Title: Re: Touring capable road bike
Post by: David W Pratt on August 06, 2020, 04:15:11 pm
First, the most important criterion is what she likes.  That being said, I have a Bruce Gordon Rock and Road.  I have enjoyed it for recreational riding on paved and dirt roads and on supported and self contained tours.  It weighs about 30lb. but it carries me and 40lb. of gear without complaint.  It has a ~19" low.  Unfortunately, Mr. Gordon retired, and then died so they are no longer being made, but I have seen used ones.  That is not to say there are not other comparable bikes out there, but consider the used market.  Mine was built in 1992and is still in fine shape. I did 400+ miles on the Erie Canal Towpath last summer with zero mechanical problems.
Good luck
Title: Re: Touring capable road bike
Post by: froze on August 07, 2020, 04:20:42 pm
First, the most important criterion is what she likes.  That being said, I have a Bruce Gordon Rock and Road.  I have enjoyed it for recreational riding on paved and dirt roads and on supported and self contained tours.  It weighs about 30lb. but it carries me and 40lb. of gear without complaint.  It has a ~19" low.  Unfortunately, Mr. Gordon retired, and then died so they are no longer being made, but I have seen used ones.  That is not to say there are not other comparable bikes out there, but consider the used market.  Mine was built in 1992and is still in fine shape. I did 400+ miles on the Erie Canal Towpath last summer with zero mechanical problems.
Good luck

Those Bruce Gordon bikes were really very good bikes, and extremely difficult to find used, of course they weren't massed produced either so just finding one due to that reason alone would be difficult.  Nice bike you have, among the best there was.
Title: Re: Touring capable road bike
Post by: gottobike on August 14, 2020, 07:03:25 pm
Ditto on the previous suggestion regarding gravel bikes. They seem to fill the niche between road and touring very well.
For sporty handling, frame material might be less of a consideration than frame geometry. As frame geometry varies considerably within the same model, a smaller frame (ie, 52cm)  may not handle as well as a medium (56cm) or large (60).
If looking for a small frame, avoid the popular new fat 700c 29'er frames as too many compromises are made to fit the big wheels into small frames. This includes steep (74 degree) seat tubes and slack (71 degree) head tubes. For retaining the sporty feel of a road bike, frame geometries around 72-73 for seat tube, 71.5 to 72.5 for headtube with 70-75 mm bb drop and relatively short chainstays may deliver the road-bike feel.
Many of the options in this category will not accommodate front racks. It may be worth looking into bike packing bags as many are rackless or have floating racks (Arkel) that are not mounted to frame. A gravel bike packing kit with front bag, frame bag, and seat post bag typically comes in at about 30  litres, about half the volume of traditional front/rear panniers for a touring bike. This volume should support a 30 lb payload very well and by balancing the load with the heaviest load in the frame bag, should not have too much impact on handling.

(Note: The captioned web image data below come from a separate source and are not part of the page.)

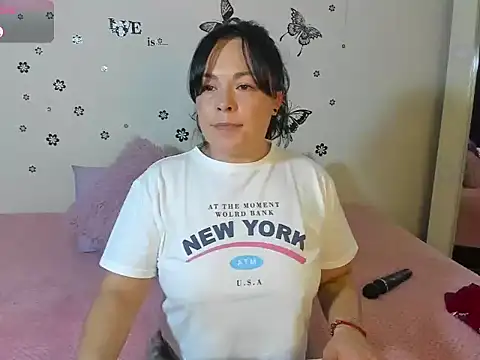 MIA BIANCCO online show from 27, 1, 2025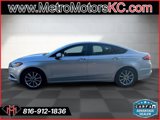 Used 2017 Ford Fusion SE w/ Fusion SE Technology Package image 2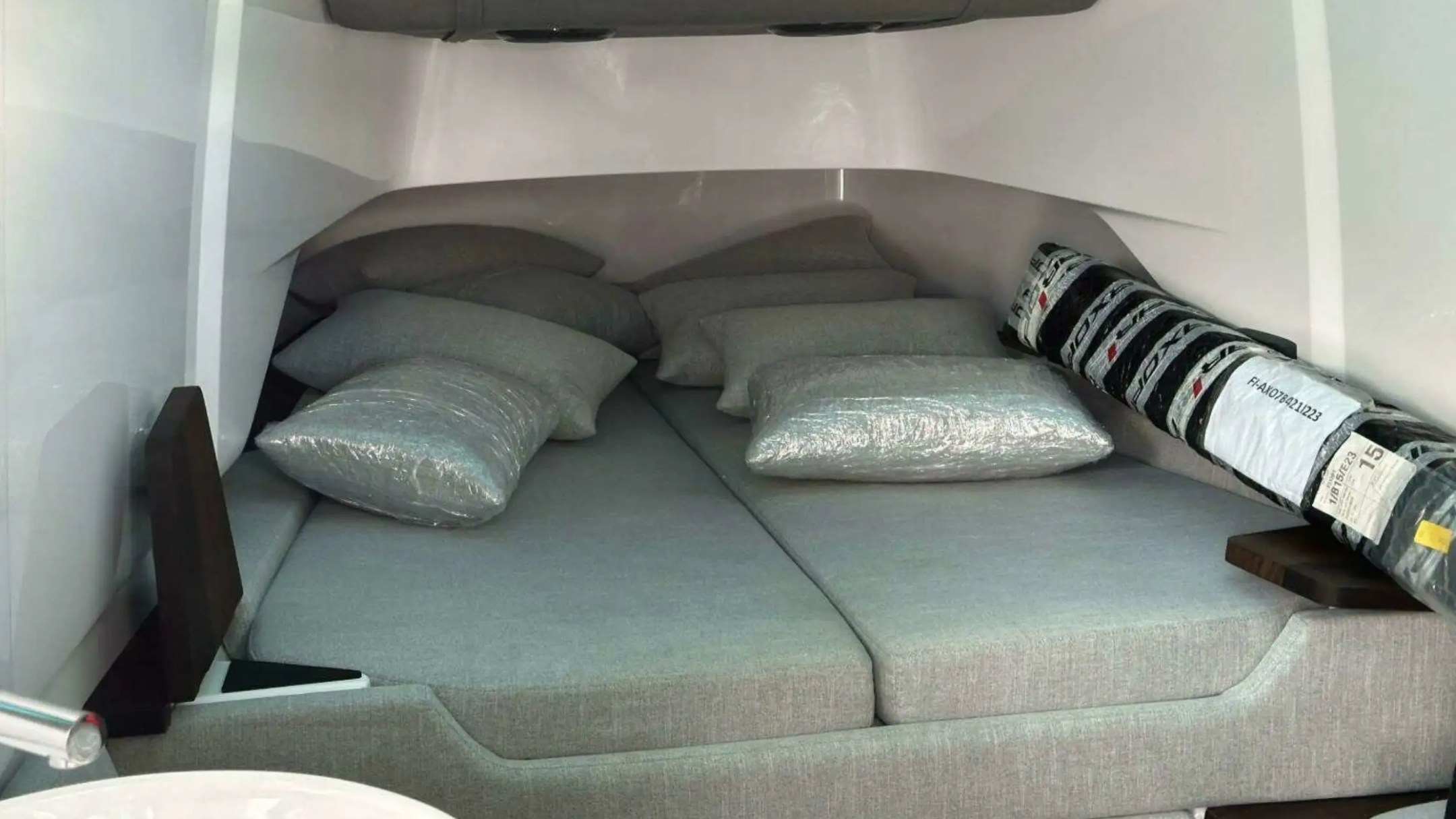 Cabin lighting and accents on 38′ Axopar Miami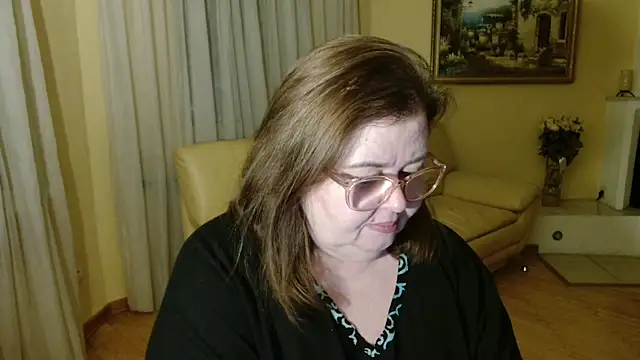 Snapshot of Natali-Gucci chatting on 12.13.25 Natali-Gucci online show from 12.13.25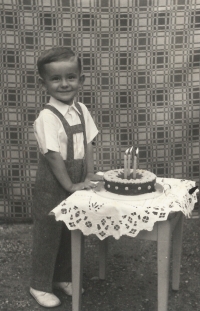 Druhé narozeniny, 1960
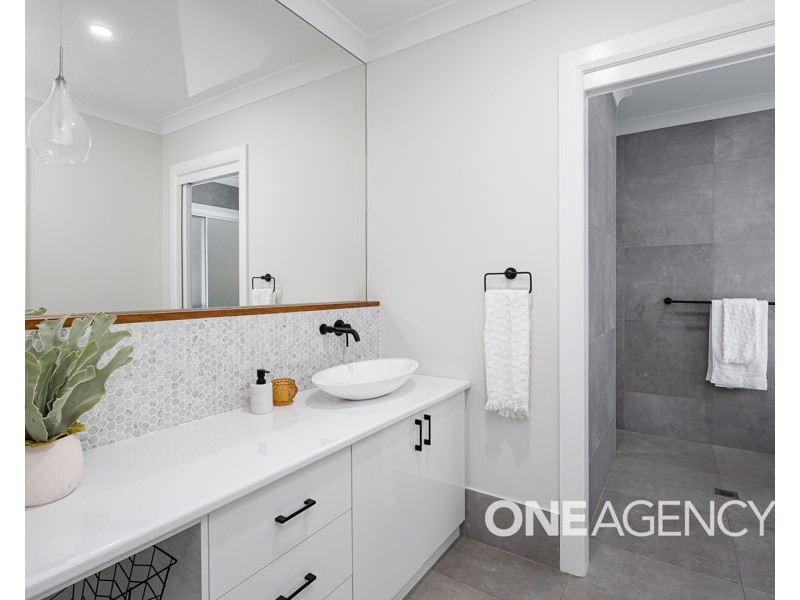 3 JUSTINIAN PLACE, Gumly Gumly NSW 2652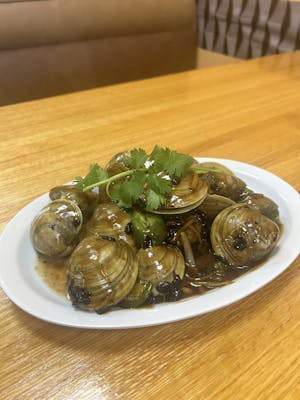 Stir-fried Clams in sauce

The benefit of a bike packing kit is that there is no additional cost, weight and potential failure of racks, may be mounted on bikes with carbon forks and they work well on sportier frames as they do not require long chainstays for heels to clear rear panniers. Also, by removing the bags you have your sweet handling sport bike back, something you will never have with a full on touring bike.